Per eventi meteorologici estremi si intendono piogge torrenziali, gelo, ma anche caldo anomalo persistente e siccità. Eventi capaci di rinnovare record che duravano da anni, addirittura decenni. Qualcosa che ultimamente sta accadendo sempre più spesso, a tutte le latitudini.
Ebbene, l’ultimo studio pubblicato dalla Pennsylvania State University, USA, ci spiega il motivo. Anzitutto dobbiamo dire che il getto polare è un “fiume” d’aria – se preferite venti – particolarmente intenso che scorre nei piani atmosferici più alti. Lo si può osservare a 500 hPa (pari a circa 5,5 km di altitudine) e/o 300 hPa (pari a circa 9 km) e può essere facilmente individuato dai campi di altezza di geopotenziale dove le isolinee sono più vicine tra loro. Quando la direzione è prevalentemente orizzontale si parla di circolazione zonale mentre se la disposizione è verticale (o inclinata) si parla di scambi meridiani.
I ricercatori hanno analizzato una combinazione di modelli climatici globali (circa 50) che fanno parte del progetto CMIP5. Questi modelli sono eseguiti utilizzando scenari specifici e producono dati simulati che possono essere valutati tramite altri modelli. Anche se i modelli sono utili per l’esame dei pattern climatici su larga scala, l’evoluzione nel tempo non permette una descrizione accurata degli eventi meteorologici estremi. È qui che le osservazioni reali sono critiche.
I ricercatori hanno esaminato serie storiche atmosferiche per documentare le condizioni in cui si formano e persistono particolari condizioni meteorologiche. Queste condizioni si verificano quando la corrente a getto rallenta, formando picchi e valli. “La maggior parte dei disturbi stazionari del getto si dissiperà nel tempo” ha dichiarato il professor Mann, uno degli autori della ricerca . “In determinate circostanze l’ampiezza delle onde che si vanno a creare può determinare delle situazioni di blocco.
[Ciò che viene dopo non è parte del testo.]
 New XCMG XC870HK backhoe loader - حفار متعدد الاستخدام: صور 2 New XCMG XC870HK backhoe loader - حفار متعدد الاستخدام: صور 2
Se il blocco persiste per settimane in una regione, ecco che si hanno le condizioni meteorologiche estreme” ha dichiarato Stefan Rahmstorf, dell’Istituto di Potsdam per la ricerca sull’impatto climatico (PIK).
“Il riscaldamento della regione artica ha avuto certamente un ruolo determinante nel modificare il getto polare”, ha dichiarato Mann . “Il gradiente di temperatura che si sta creando tra il Polo Nord e le altre zone del pianeta incide sull’ondulazione del getto e quindi sulle potenziali situazioni di blocco”. Per concludere pare che le simulazioni abbiamo dimostrato che l’aumento dei gas serra siano responsabili del cambiamento in atto.